● What you have to do: From the first line down to the line containing "Pure Essence - Cliente de MARÉS Studio 360", print the records below exactly, leaving every picture out.

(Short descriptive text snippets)
####

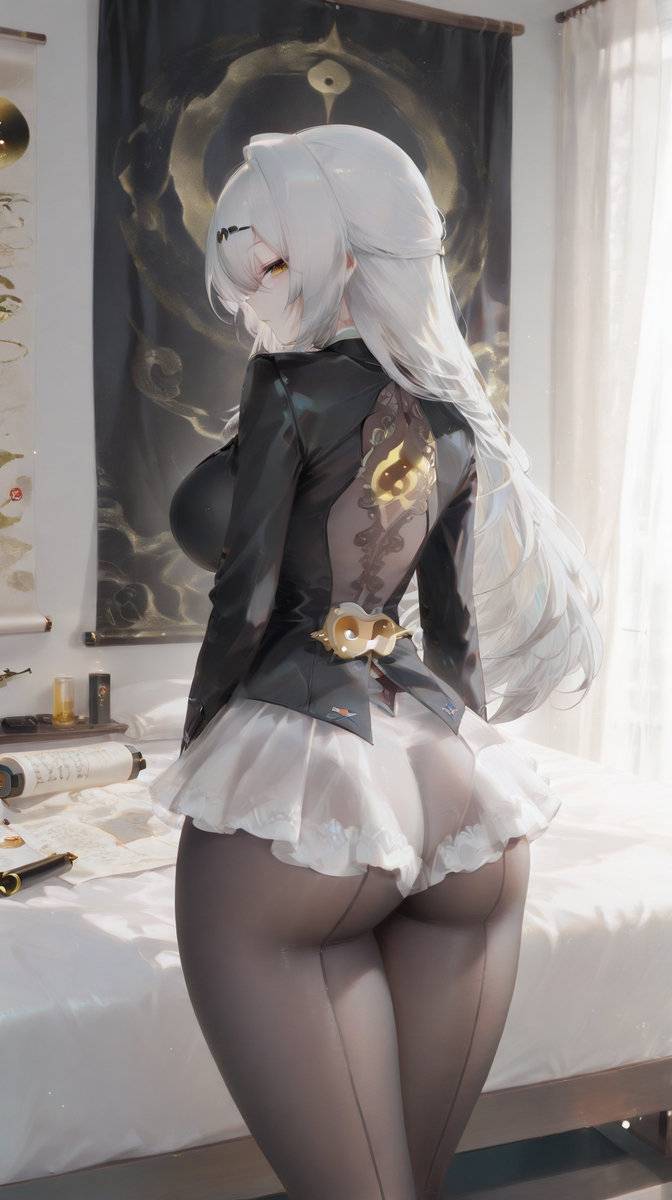 无他，喜欢-pixiv插画-作品交流服务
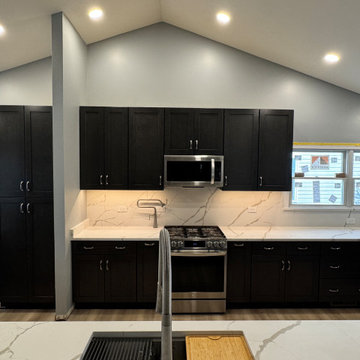 A Stunning Transformation: More Space, More Function, More Style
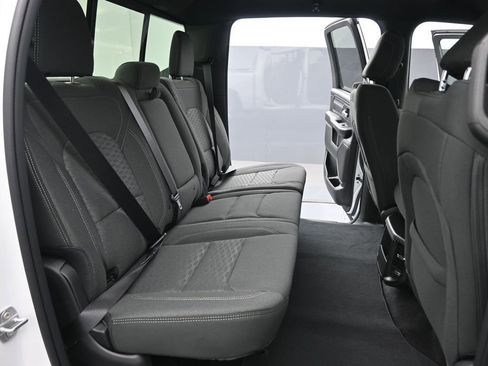 New 2026 RAM 1500 Express RWD image 14
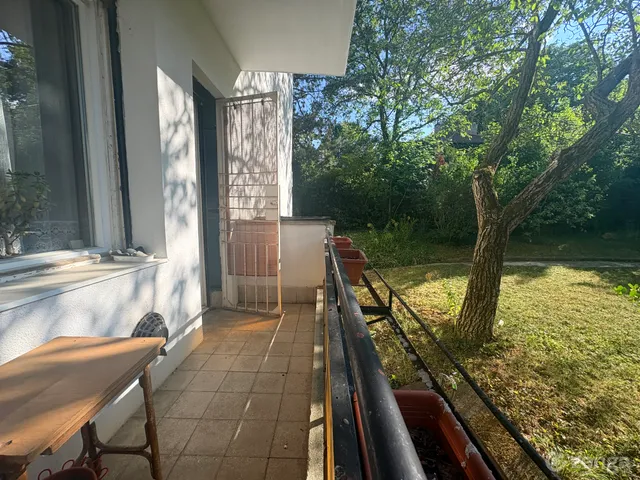 Eladó lakás Budapest XII. kerület, Virányos 67 nm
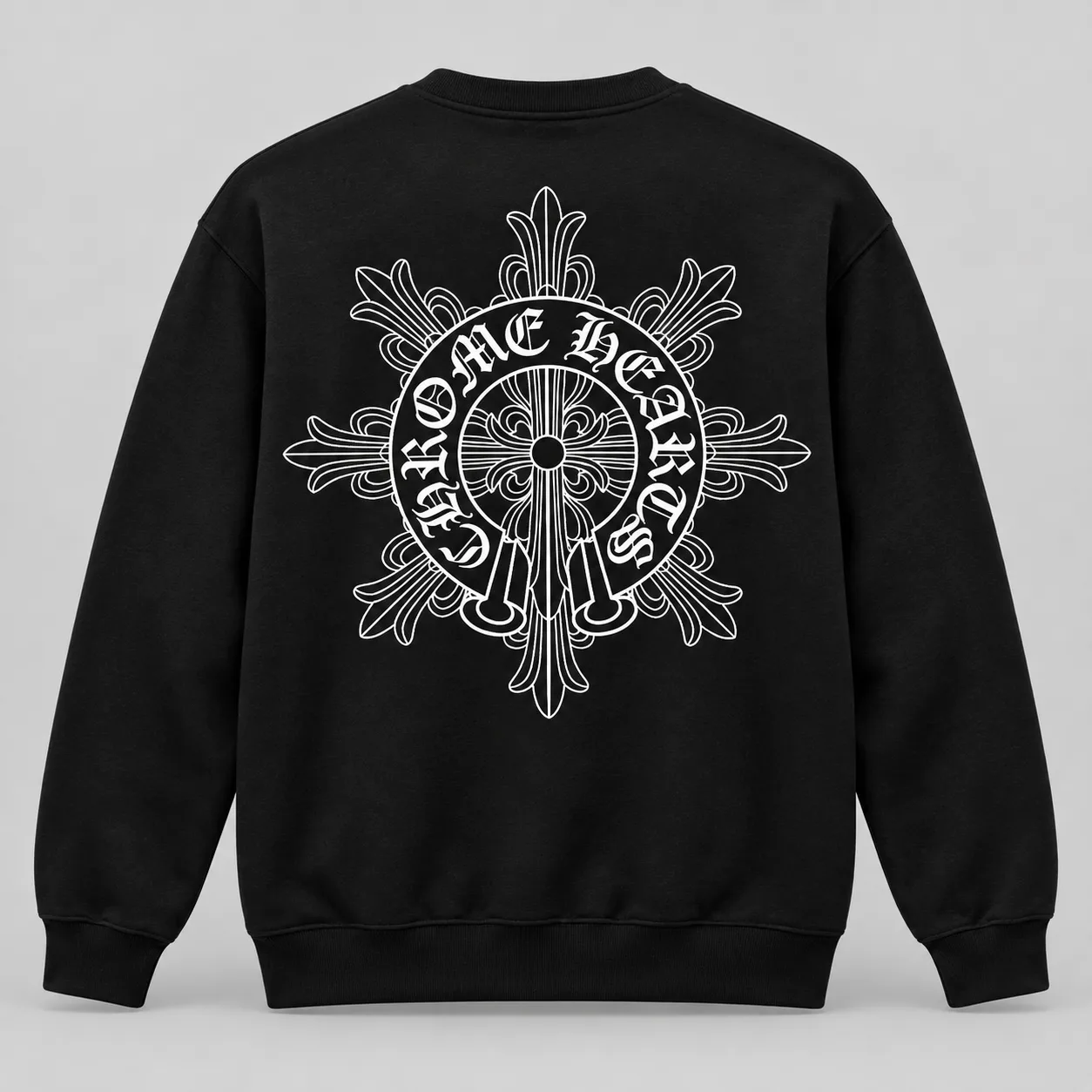 CHROME HEARTS Stero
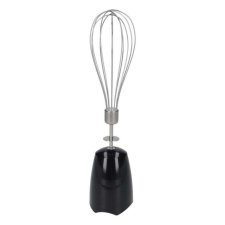 Braun Whisk (Easyclick, black, stainless steel) habverő kisháztartási gépek kiegészítői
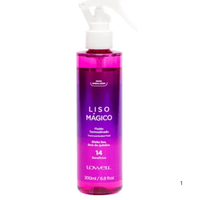 Óleo Disciplinante Liso Magico 30ml - Lowell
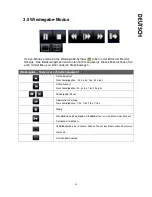 Предварительный просмотр 17 страницы Lupus Electronics AEON LE800 User Manual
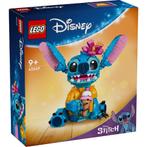 LEGO Disney 43249 Stitch nieuw in doos, Nieuw, Complete set, Ophalen of Verzenden, Lego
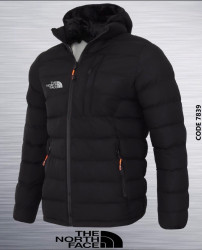 Куртки демисезонні чоловічі оптом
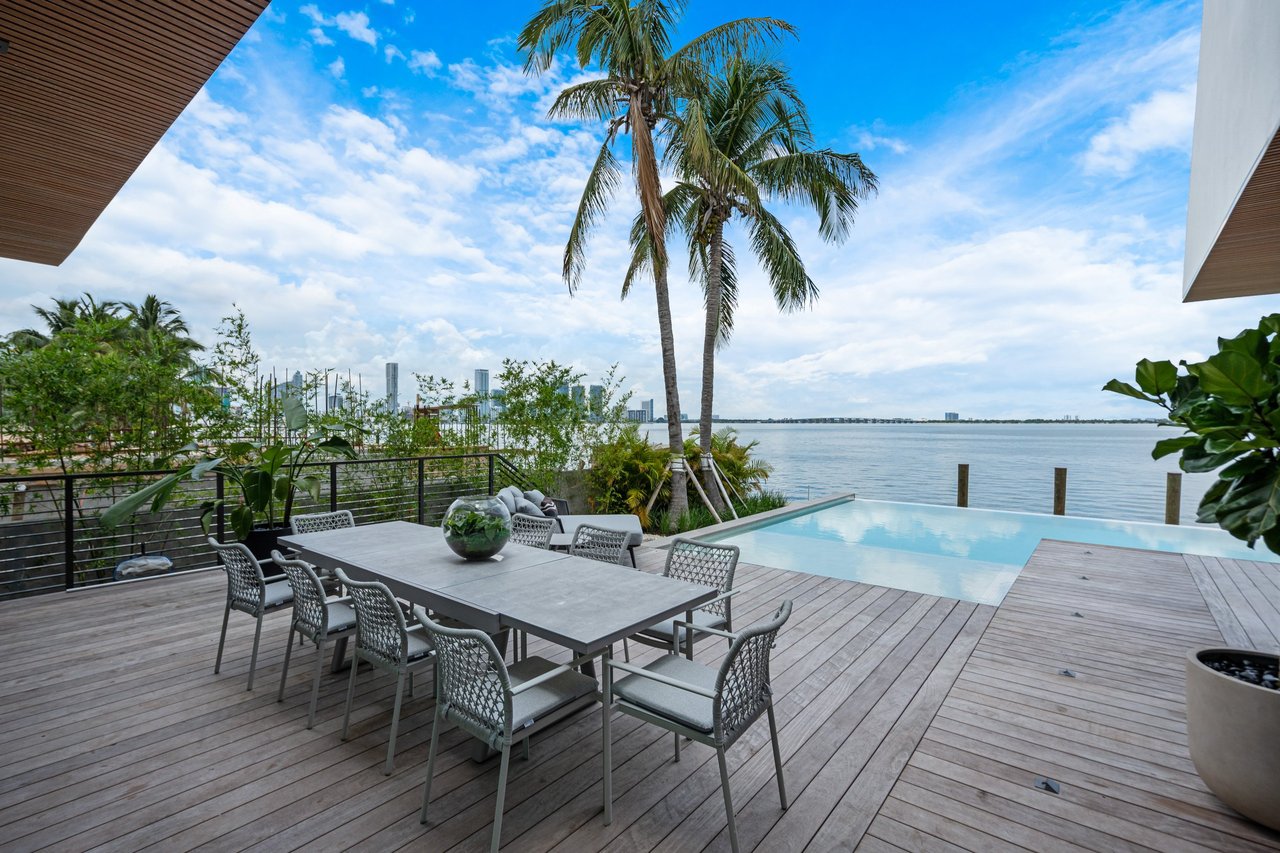 February 2025 | Sabal Development, led by Pascal Nicolai, Finalizes $20.6 Million Sale of Exquisite Venetian Island Estate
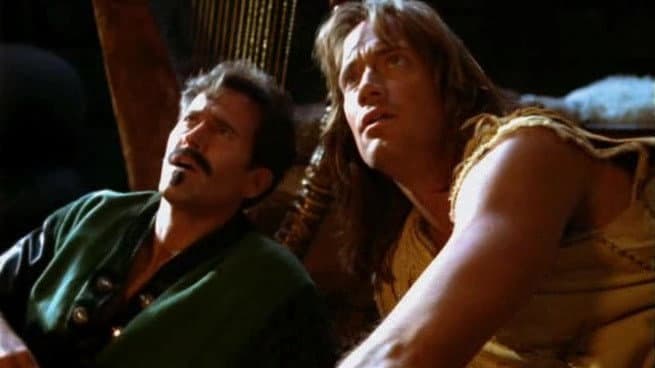 Still from Beanstalks and Bad Eggs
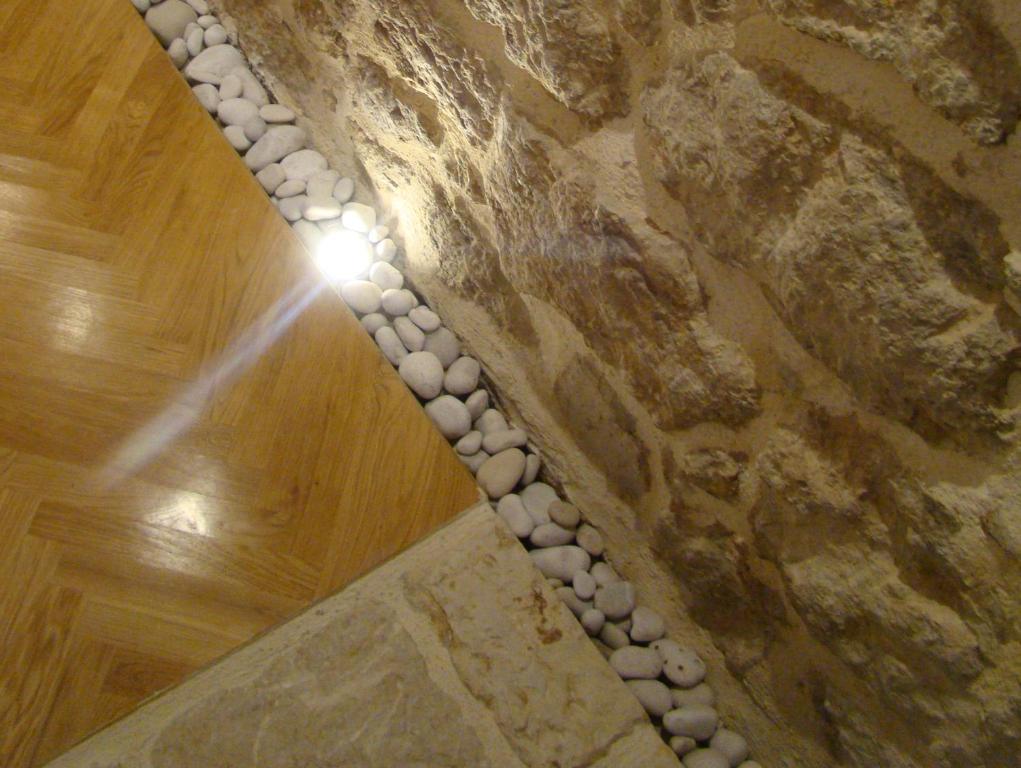 Turtle Apartments Dubrovnik Rom bilde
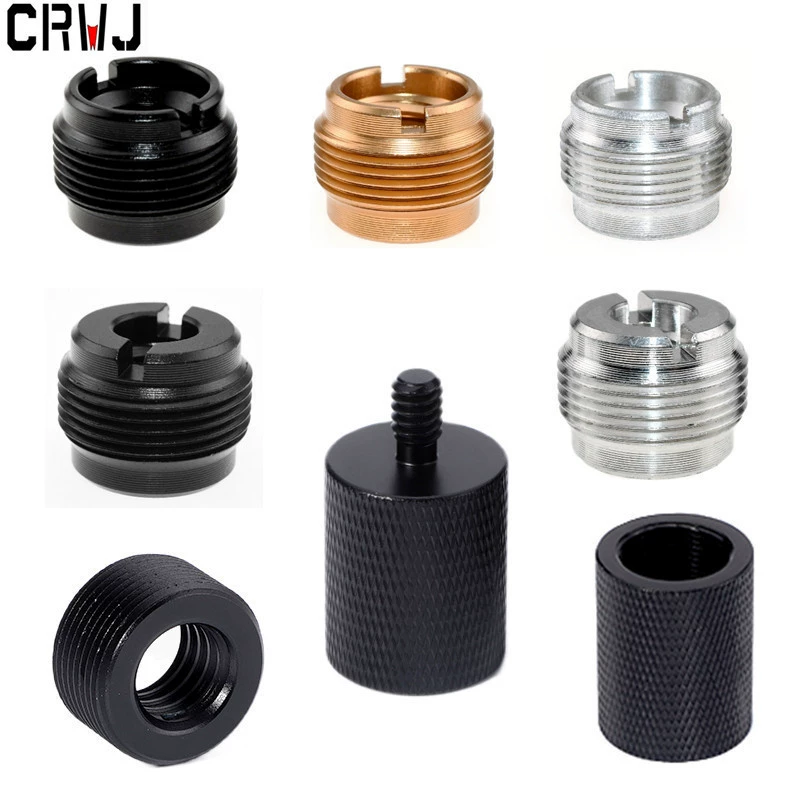 Производители продали более длинную 5/8 к 1/4 см.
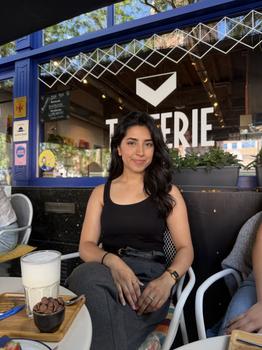 Bijles chemie, wiskunde of basisonderwijs met Marsal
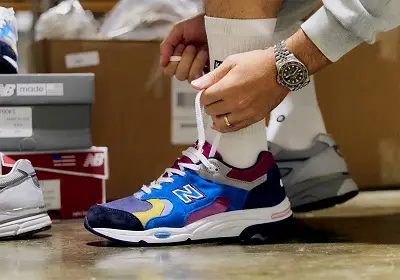 New Balance 1700 - Ảnh 1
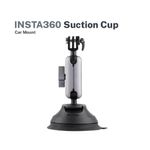 Insta360SuctionCupCarMount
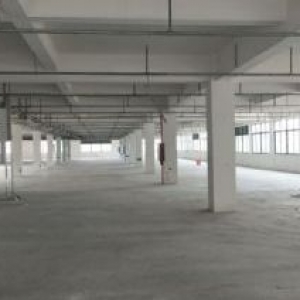 炬光园标准厂房1300车间，办公300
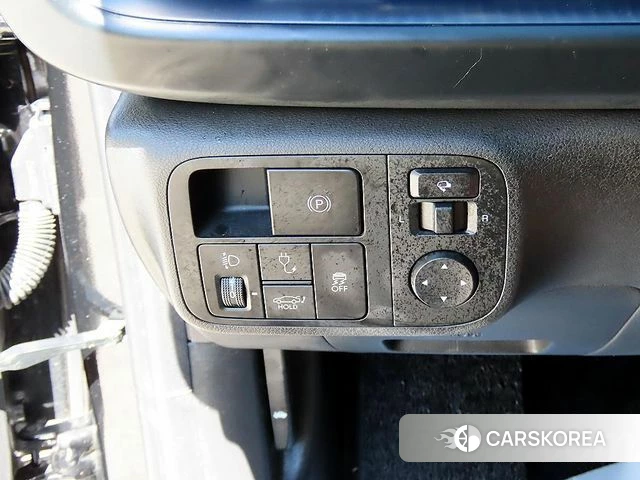Hyundai Ionic 6 2025 Черный из Кореи, фото 2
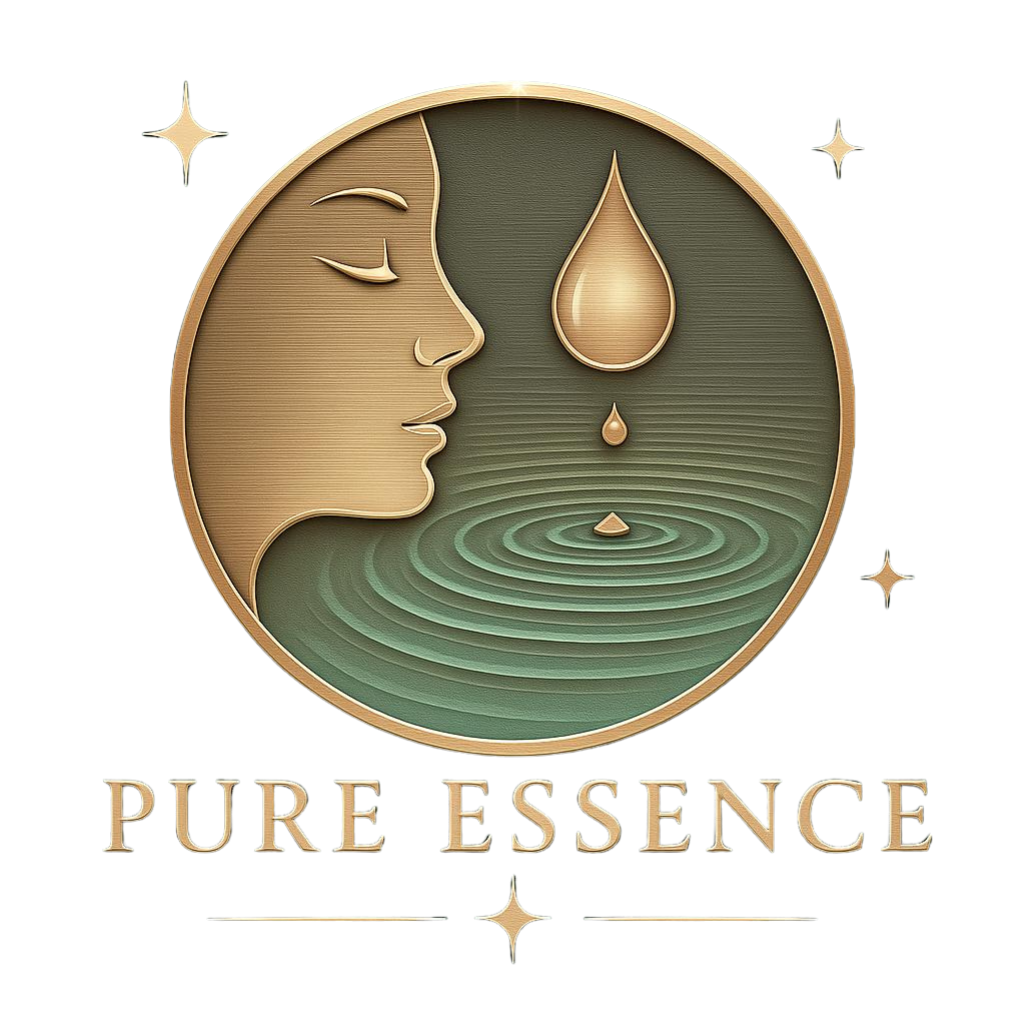 Pure Essence - Cliente de MARÉS Studio 360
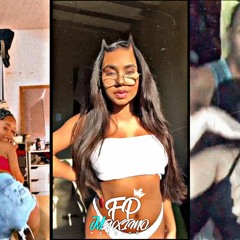 SEQUÊNCIA DAS MAIS TOCADAS NO TIKTOK 2021 VS OS FUNKS MAIS TOCADOS NO RJ [ FP MAXIMO ]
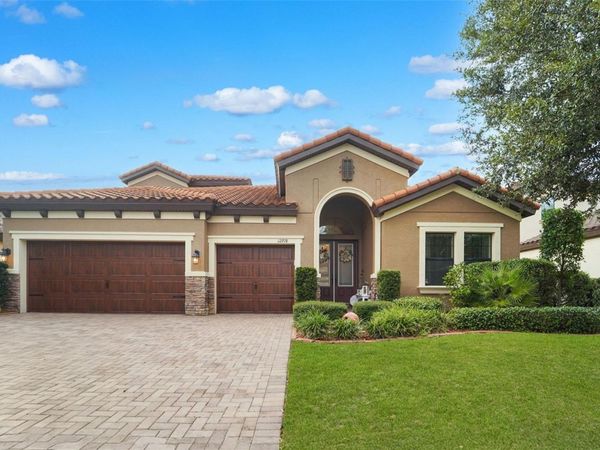 12718 BURNS DRIVE, ODESSA, FL 33556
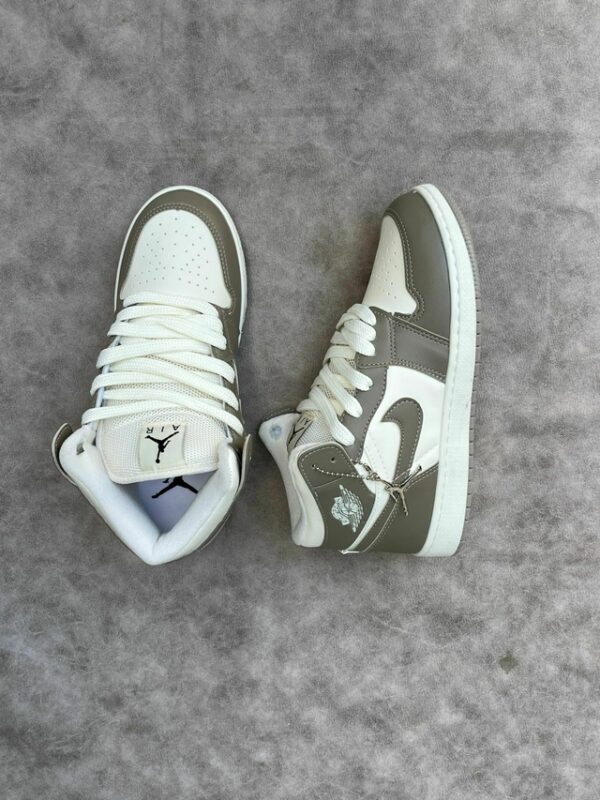 Jordan Low 1 Oliva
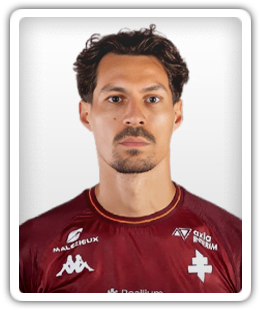 Benjamin Stambouli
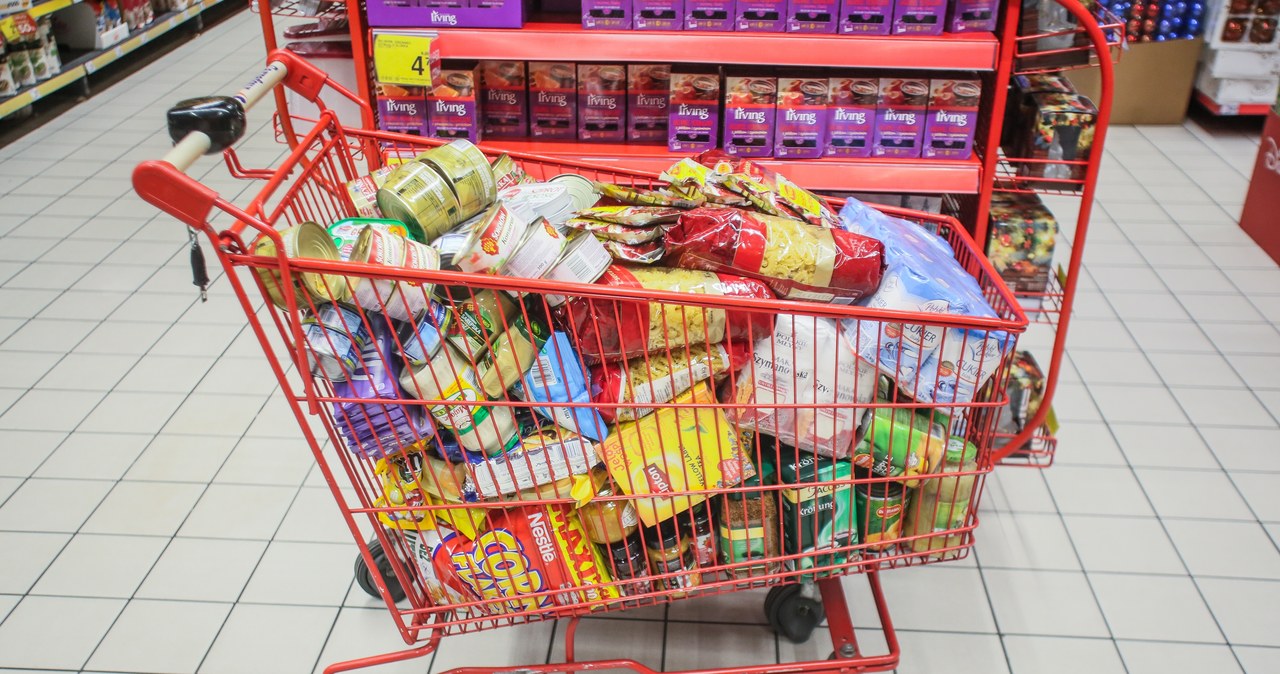 Co z polską gospodarką? GUS podał wstępne dane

####

● Answer section:
 无他，喜欢-pixiv插画-作品交流服务
 A Stunning Transformation: More Space, More Function, More Style
 New 2026 RAM 1500 Express RWD image 14
 Eladó lakás Budapest XII. kerület, Virányos 67 nm
 CHROME HEARTS Stero
 Braun Whisk (Easyclick, black, stainless steel) habverő kisháztartási gépek kiegészítői
 Óleo Disciplinante Liso Magico 30ml - Lowell
 Предварительный просмотр 17 страницы Lupus Electronics AEON LE800 User Manual
 LEGO Disney 43249 Stitch nieuw in doos, Nieuw, Complete set, Ophalen of Verzenden, Lego
 Куртки демисезонні чоловічі оптом
 February 2025 | Sabal Development, led by Pascal Nicolai, Finalizes $20.6 Million Sale of Exquisite Venetian Island Estate
 Still from Beanstalks and Bad Eggs
 Turtle Apartments Dubrovnik Rom bilde
 Производители продали более длинную 5/8 к 1/4 см.
 Bijles chemie, wiskunde of basisonderwijs met Marsal
 New Balance 1700 - Ảnh 1
 Insta360SuctionCupCarMount
 炬光园标准厂房1300车间，办公300
Hyundai Ionic 6 2025 Черный из Кореи, фото 2
 Pure Essence - Cliente de MARÉS Studio 360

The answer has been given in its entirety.